▶ _Task objective_
Omit any pictures, and restate word for word only the lines from the one with "millybo Kindersofa Kinder" through the end of the data below.

▶ _Records from a dataset_
- Opening Delimiter -

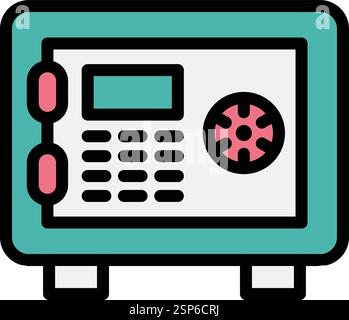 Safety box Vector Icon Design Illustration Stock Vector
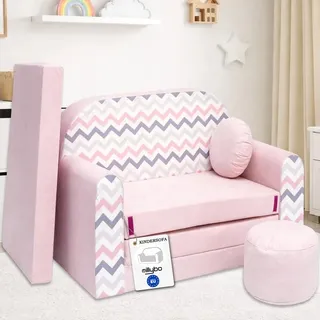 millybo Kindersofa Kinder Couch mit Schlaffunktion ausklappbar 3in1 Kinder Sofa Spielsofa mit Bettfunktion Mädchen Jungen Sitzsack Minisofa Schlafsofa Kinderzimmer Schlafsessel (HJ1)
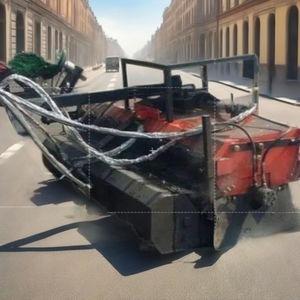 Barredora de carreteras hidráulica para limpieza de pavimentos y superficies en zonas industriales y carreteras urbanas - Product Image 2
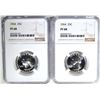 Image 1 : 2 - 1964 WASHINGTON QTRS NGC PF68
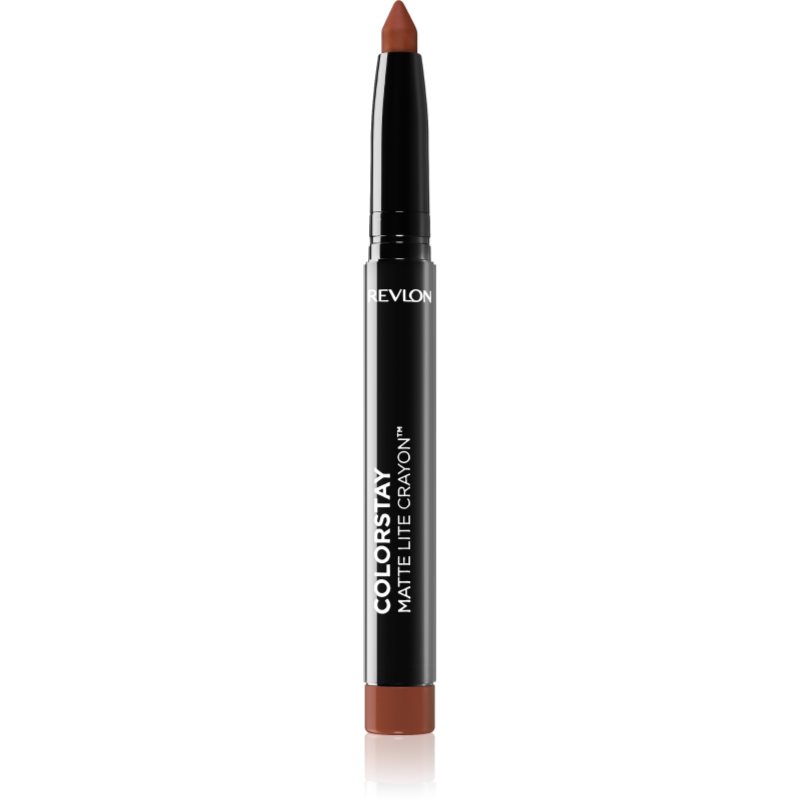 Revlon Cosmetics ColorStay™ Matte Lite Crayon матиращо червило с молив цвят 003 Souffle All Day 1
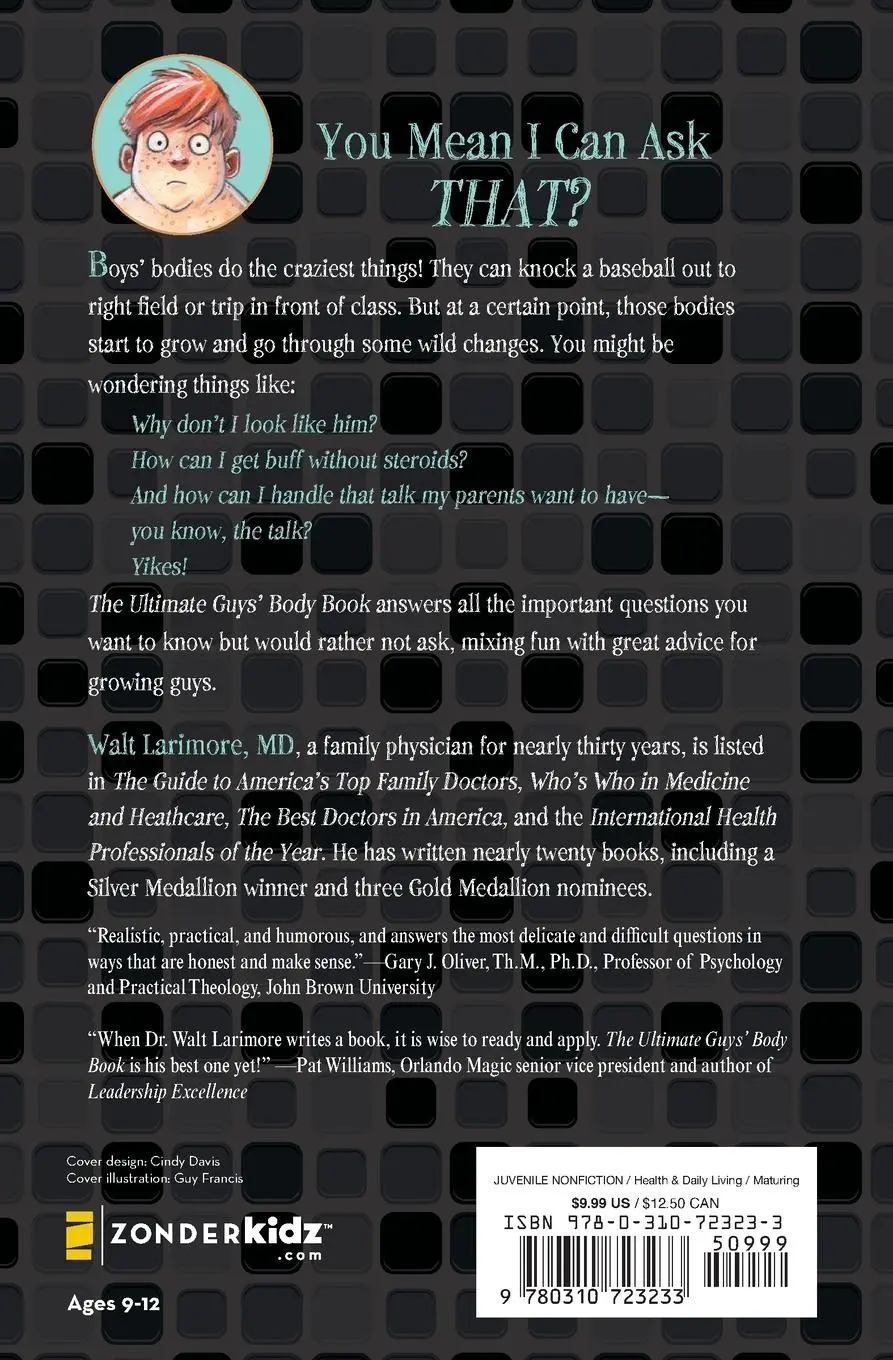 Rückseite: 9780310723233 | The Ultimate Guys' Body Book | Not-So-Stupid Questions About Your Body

- Closing Delimiter -

▶ _Final answer_
 millybo Kindersofa Kinder Couch mit Schlaffunktion ausklappbar 3in1 Kinder Sofa Spielsofa mit Bettfunktion Mädchen Jungen Sitzsack Minisofa Schlafsofa Kinderzimmer Schlafsessel (HJ1)
 Barredora de carreteras hidráulica para limpieza de pavimentos y superficies en zonas industriales y carreteras urbanas - Product Image 2
 Image 1 : 2 - 1964 WASHINGTON QTRS NGC PF68
 Revlon Cosmetics ColorStay™ Matte Lite Crayon матиращо червило с молив цвят 003 Souffle All Day 1
 Rückseite: 9780310723233 | The Ultimate Guys' Body Book | Not-So-Stupid Questions About Your Body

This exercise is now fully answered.